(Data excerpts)

=== Section Start ===

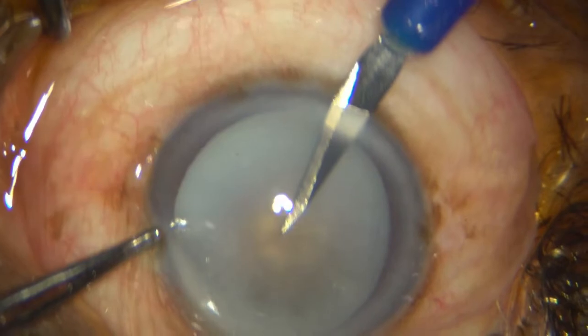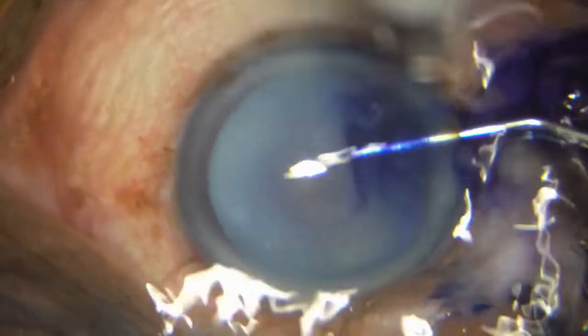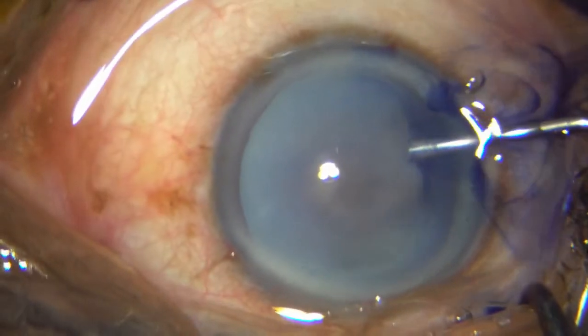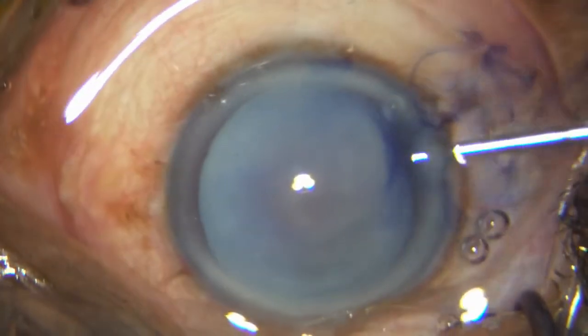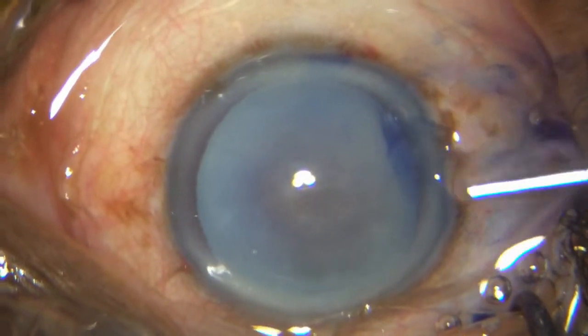Here initially I am placing my incisions. I stain the capsule with Trypan Blue and I am expressing both the air and the Trypan Blue with 2% HPMC, making sure I pressurize the chamber well with the HPMC.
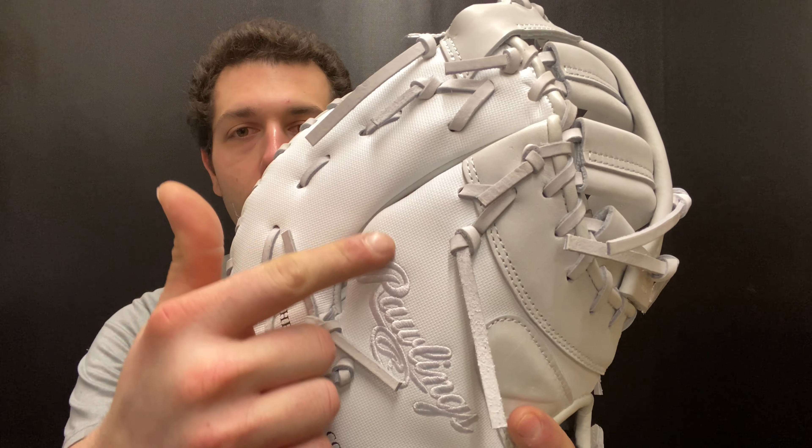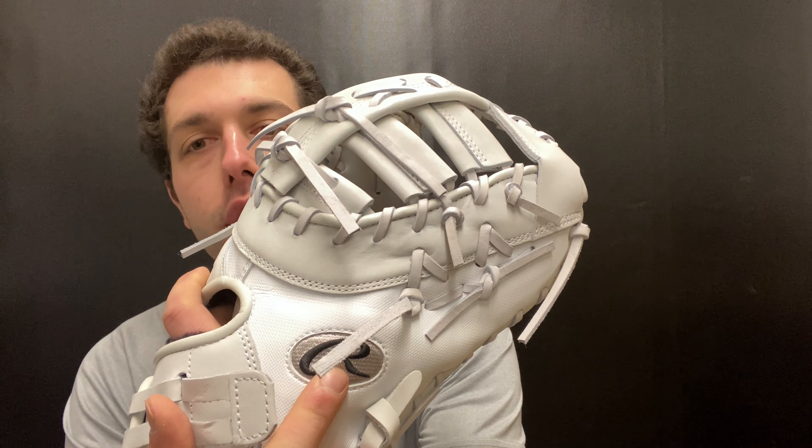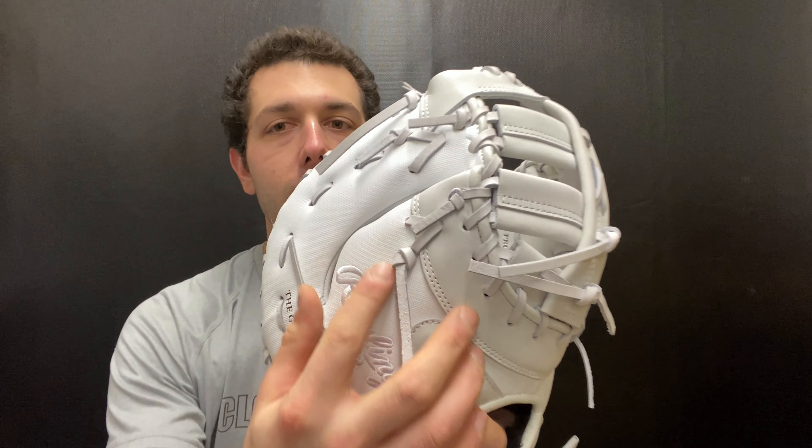It's going to have the Rawlings logo right there — the nice oval R with silver to it. This is a nice glove. The speed shell on the backside is going to make the glove a little bit lighter and a little bit easier to use. Definitely for first base, it might be a little bit easier for a girl to handle that bigger 13-inch glove at the first base position.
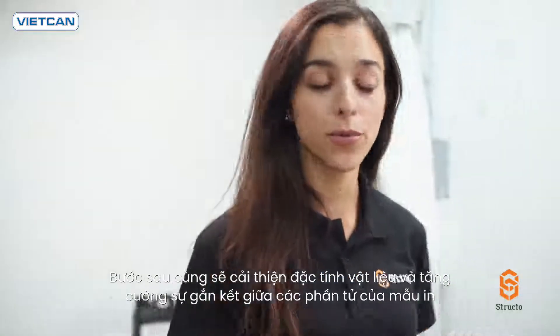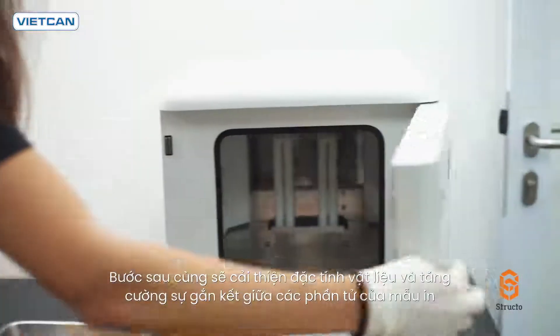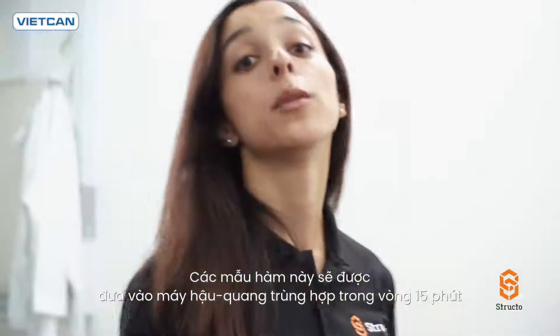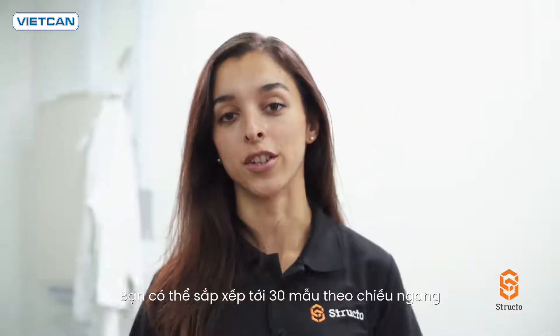The last step will further improve material properties and strengthen the bond within the printed part. These models will now go into the post-curing unit for 15 minutes. You can fit up to 30 models horizontally.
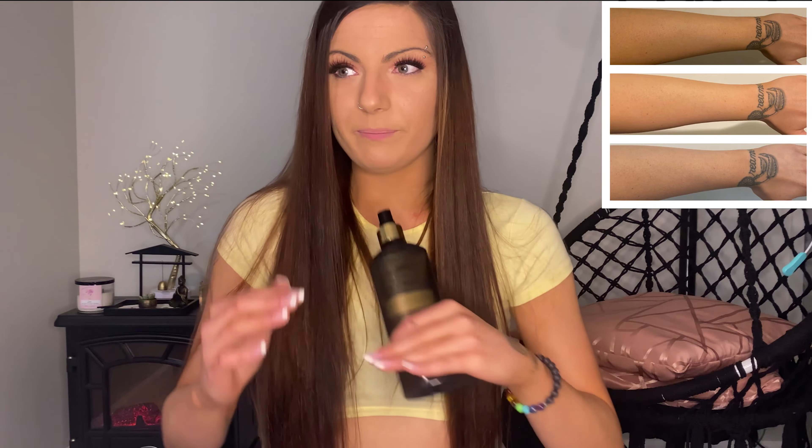I was going to purchase a regular dry oil, but I've been on kind of a gradual tanner kick. They're awesome for anybody who wants to tan — if you've never tanned before, you can build up to the color you're comfortable with rather than slapping on a full tan. Right now I had done my tan four days ago and have three applications built up. I've been using this product for two weeks because I like to fully test products before reviewing them.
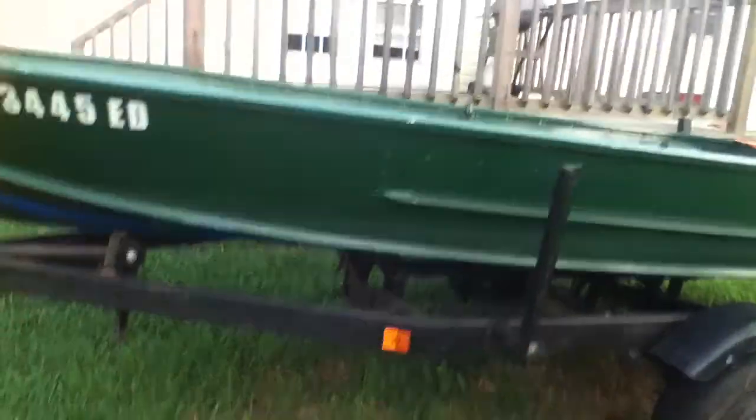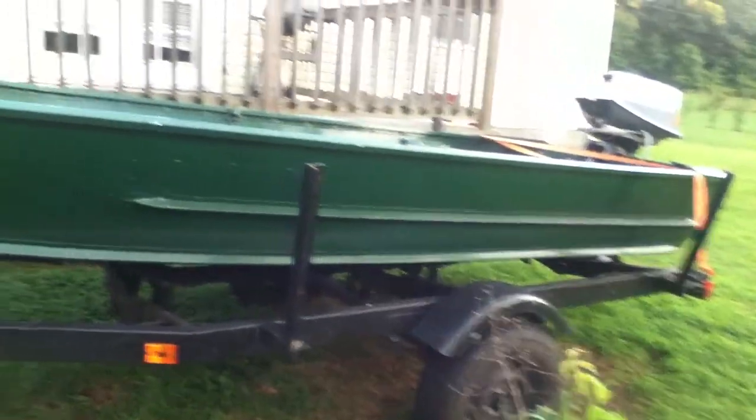What's up YouTube? I told y'all I'd make a video of our boat one day and here it is. It's a green John boat — it's a Monarch.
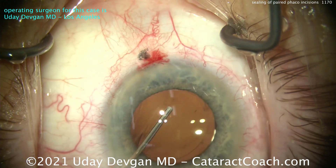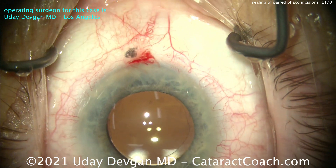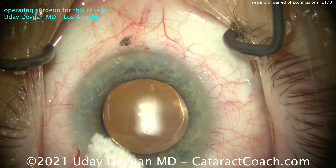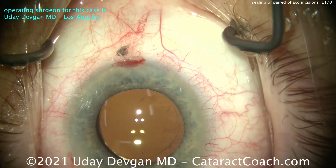I had this video in mind as I was doing this case — this is a great video to show. Let me show you what we've got here at the very end. Hydrate the main incision. That's a beautiful case. Look — without hydrating it, that nasal incision is already sealed. And we knew that. So take this lesson to heart.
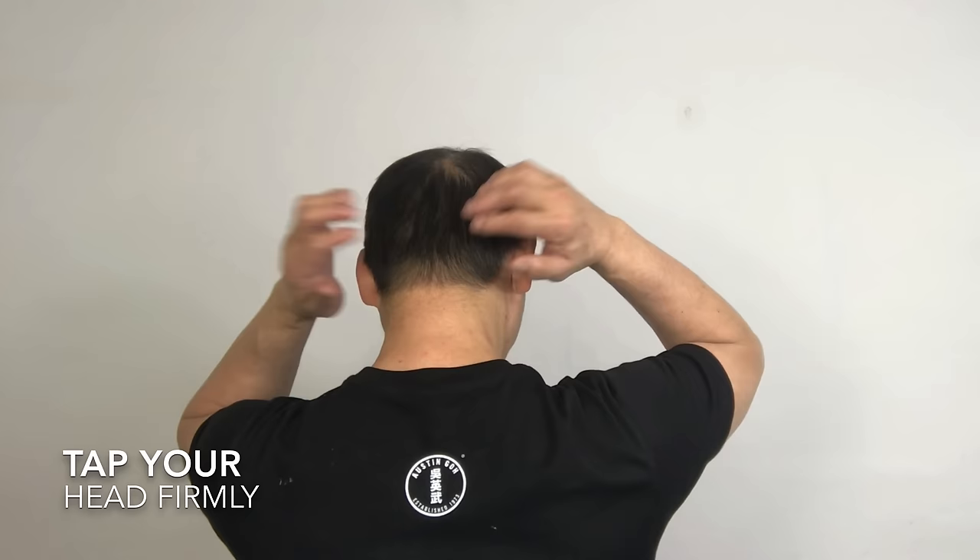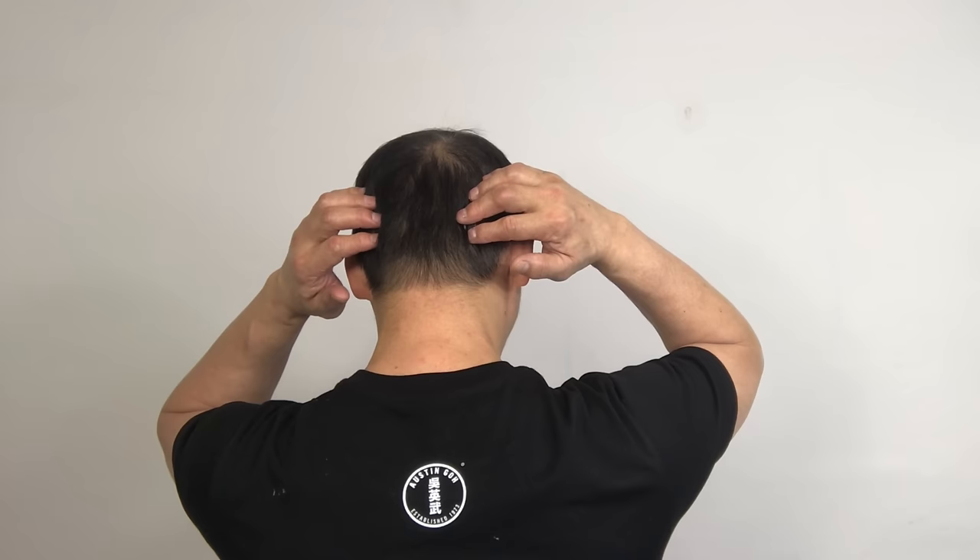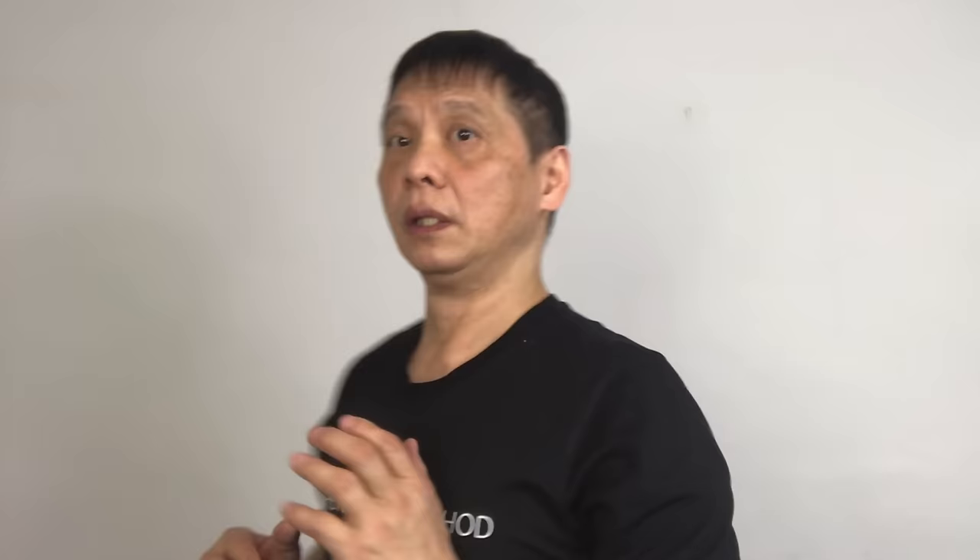Now to the back of your head and tap it for 10 seconds. 1, 2, 3, 4, 5, 6, 7, 8, 9, 10. Then stop. Hold it for 10 seconds. 1, 2, 3, 4, 5, 6, 7, 8, 9, 10.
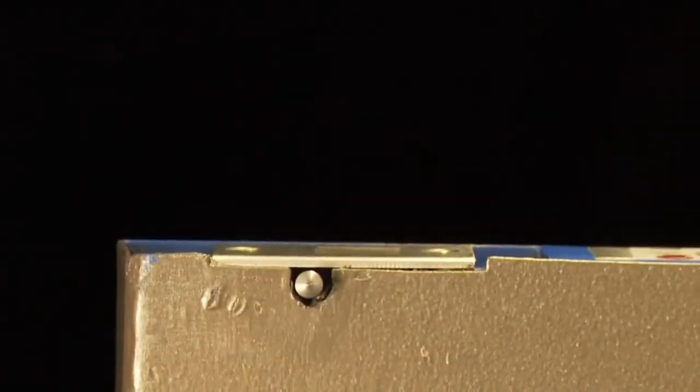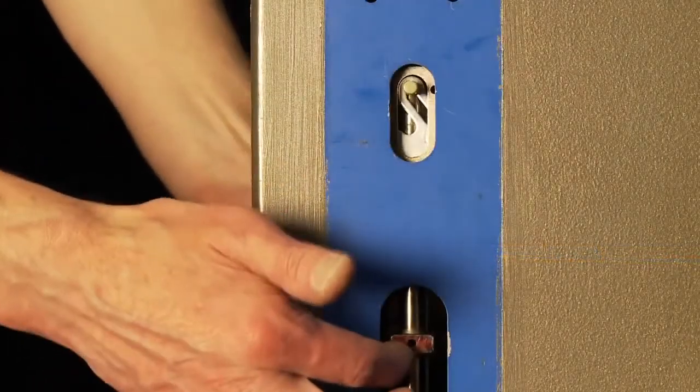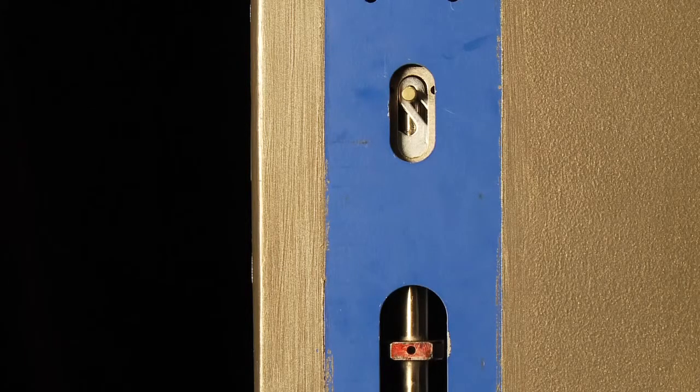Perform one last check of the device by pressing the plunger and pushing up on the lifting platform. If the device stays in hold open, with the deadbolt and the pin properly positioned, the device is installed correctly. If not, go back to step 10 and perform the adjustment procedure again.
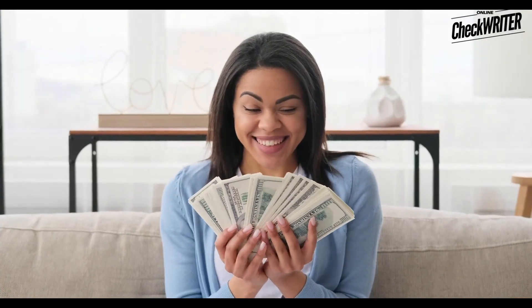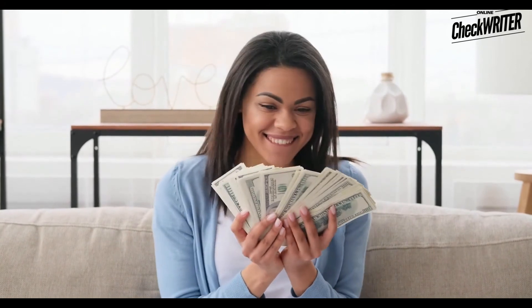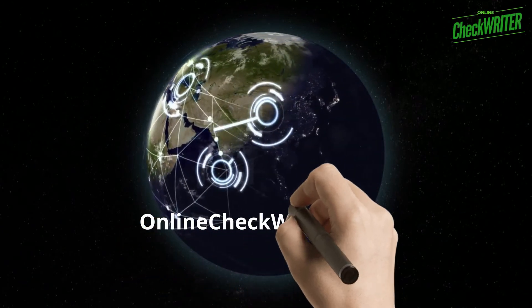You can save up to 80% this way. Now, save money and avoid tensions regarding running out of checks. Let's start now for free with the best check printing software in the nation. OnlineCheckWriter.com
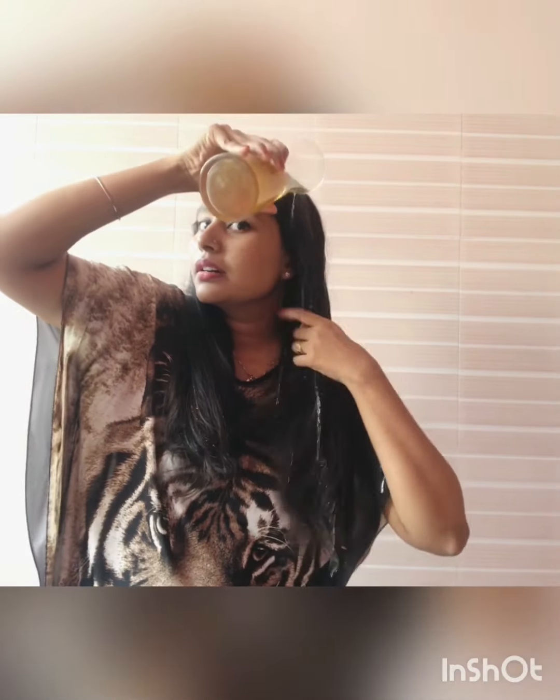I've already shampooed my hair. I don't want to use conditioner, so I will apply the beer to my hair instead. Just mix it up and give it a nice massage, working all the ingredients in.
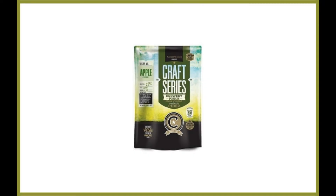Mangrove Jacks Hard Apple Cider Recipe Kit. If you're looking for a recipe and a mixture to make a wonderful hard apple cider, then this kit is definitely worth considering. Mangrove Jacks distributes kits and ingredients obtained from high-quality sources for an optimal experience.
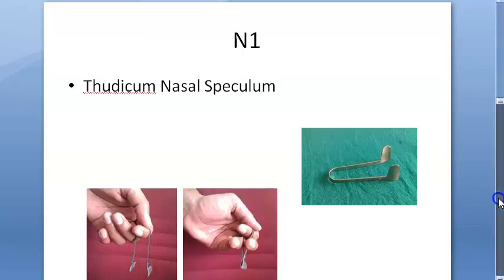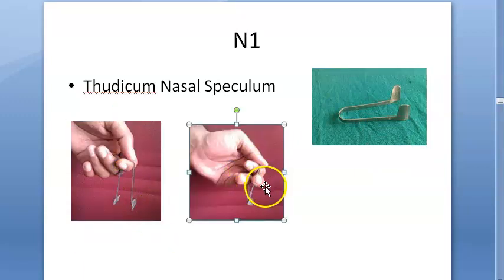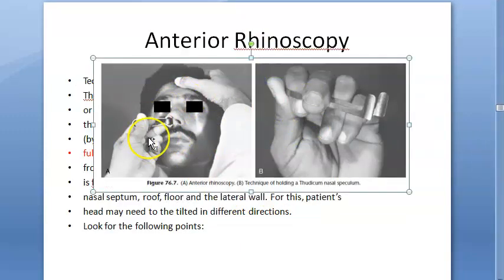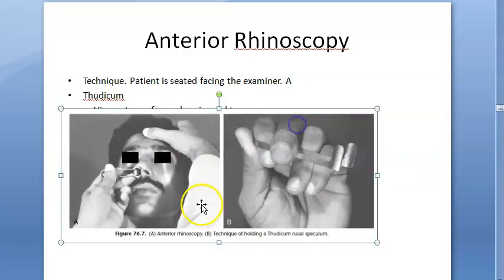Let's look at some nose instruments. Basically, here you have the Thudicum nasal speculum. How do you hold it? Put it on your left hand's index finger, then the middle finger goes outside, the ring finger comes inside, and these two fingers press so that you can make it small and big. You will use it to do anterior rhinoscopy. When inserting it, you have it fully closed.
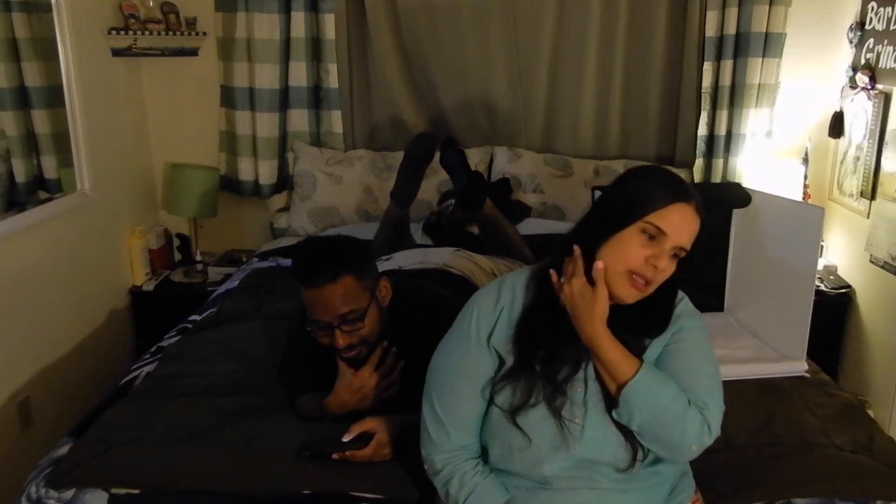My headache's gone. I think I just slept bad on my pillow last night. The same way I fell asleep was the same way I woke up this morning. If I sleep on my back and I don't put something to hold my neck up, I'll do that slouchy thing and that's where the neck issues come in.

=== Section End ===

_WHAT THIS TASK INVOLVES_:
Set down exactly the lines from the start of the records through the line containing "What's up YouTube?", both included, and omit the pictures.

_WORKED SOLUTION_:
Here initially I am placing my incisions. I stain the capsule with Trypan Blue and I am expressing both the air and the Trypan Blue with 2% HPMC, making sure I pressurize the chamber well with the HPMC.
It's going to have the Rawlings logo right there — the nice oval R with silver to it. This is a nice glove. The speed shell on the backside is going to make the glove a little bit lighter and a little bit easier to use. Definitely for first base, it might be a little bit easier for a girl to handle that bigger 13-inch glove at the first base position.
The last step will further improve material properties and strengthen the bond within the printed part. These models will now go into the post-curing unit for 15 minutes. You can fit up to 30 models horizontally.
I was going to purchase a regular dry oil, but I've been on kind of a gradual tanner kick. They're awesome for anybody who wants to tan — if you've never tanned before, you can build up to the color you're comfortable with rather than slapping on a full tan. Right now I had done my tan four days ago and have three applications built up. I've been using this product for two weeks because I like to fully test products before reviewing them.
What's up YouTube? I told y'all I'd make a video of our boat one day and here it is. It's a green John boat — it's a Monarch.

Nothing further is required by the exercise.